Tuesday, April 26, 2005

Tim Yu intervenes in the discussion with two points about that vexed and vexing term, avant-garde: 1) "Avant-garde is not just a style; it is always also a statement about a work's context of production: the manner in which it appears and circulates, the place it takes within the institutions of art, the extent to which it displays (and demands) a critical awareness of all these things." 2) "More importantly, the question of avant-garde can't be settled by looking at an individual writer in isolation; fundamental to the idea of avant-garde is, ultimately, the idea of group or movement, one that's hard to reconcile with (and is, perhaps, actively opposed to) the image of a canon in which Poet A jockeys against Poet B for membership in a lineage of heroic greats. Shedding such group allegiances remains one of the prerequistes for being taken seriously as a Great Poet by mainstream critics; but membership in such a community is what allows the avant-garde writer to generate an aesthetic that might differ from the dominant." He's absolutely right. What avant-gardes accomplish, at least potentially, is the creation of awareness about the "context of production" for all works of art. I'm going to retire "School of Quietude" from my personal vocabulary because I think its underpinnings are very shaky; but I do think there has been and continues to be what Charles Bernstein called an "Official Verse Culture," albeit a greatly diminished one, that maintains a Bloomian discourse of "greatness" (superimposed over a bourgeois discourse of the subject) that blandly effaces anyone with any other ideas about what poetry might be for. It's the avant-garde activity of Bernstein and others (more in the apparatus around their poems than in the poems themselves) that made OVC visible in the first place, just as it took homosexuality (for example) to create the concept of heterosexuality. This in turn makes it possible to notice finer gradations (another Kinsey scale!): where do we place a poet who produces normative free verse but publishes it with small presses and keeps blog? Did Ashbery lose his avant-gardener status the moment Auden chose him as a Yale Younger Poet? If Jorie Graham wrote the exact same poems but published with O Books instead of HarperCollins, would the poems somehow be different, or at least read differently?

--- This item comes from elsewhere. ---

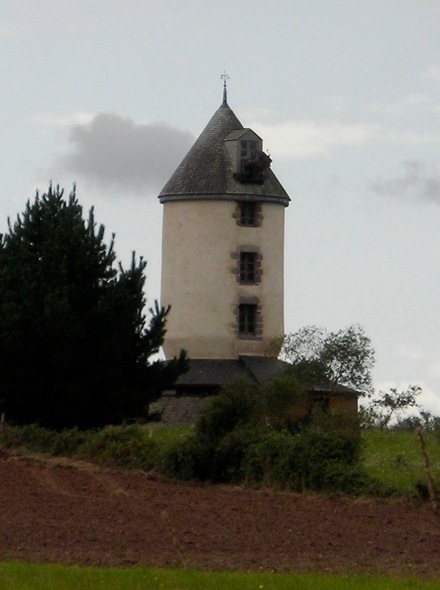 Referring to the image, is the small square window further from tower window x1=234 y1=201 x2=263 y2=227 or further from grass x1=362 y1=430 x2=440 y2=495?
grass x1=362 y1=430 x2=440 y2=495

So it's not the avant-garde per se that interests me so much as the dimension of extrapoetic experience they've opened. I would revise Monday's negative statement ("I am simply unlikely to be really satisfied by an encounter with a poem that does not use some aspect of form to problematize its ready reception") to read, "I am simply more likely to be interested in a poem whose context of production is in some way palpable." That could manifest in any number of ways: in the poem's engagement with a particular literary tradition or predecessor; in the poem's awareness of its own historical moment; or simply in being published in a magazine or on a press that has published contextually complex work in the past. A poem doesn't have to be "difficult" or "inaccessible" to qualify as interesting under these conditions—though it's likely to be "inaccessible" in the sense of not being distributed by some Official Verse Organ, which is still where literate non-poets are most likely to encounter poems. But I am ALSO still interested in poetry that problematizes its ready reception that isn't particularly interested in context—that is, plain old difficult poetry, which Jorie Graham's work certainly qualifies as. (For the record, I am extremely fond of her books Materialism and The End of Beauty.) But I want to affirm that it's still primarily pleasure that drives me as a reader, and not any tendentious sense of duty; I'm fully on board with Ezra Pound when he says, "Gloom and solemnity are entirely out of place in even the most rigorous study of an art originally intended to make glad the heart of man"? I'm going to close with part of a comment I just posted to Chris Lott's blog:
I’ve already copped to enjoying difficult poetry and I don’t think there’s anything puritan about that; if anything, I’m a decadent aesthete reveling in having trained my palate to appreciate oysters and choclate-covered grasshoppers. I still enjoy a burger and fries, but not so often from the fast-poem joints. More to the point: it’s true you have to understand something about a poem to enjoy it: few of us truly enjoy hurling ourselves headfirst into the dark. But I want to use “about” there in the archaic sense as when someone asks if you have your keys about you. If you understand something of the poem’s context, that gives you just enough of a foothold to risk encountering what might appear opaque at first glance. The point has been made by others that undergraduates often have an easier time reading an experimental contemporary poet than they do a Shakespeare sonnet or a poem of Browning’s because the contemporary poet at least shares their context. Only those who have been trained to recognize specific historical configurations as poems are going to balk at new configurations they don’t recognize. In short, the more you read, the more contexts become available to you–and the more likely you are to become bored with off-the-rack stuff. My affection isn’t finite but my time certainly is.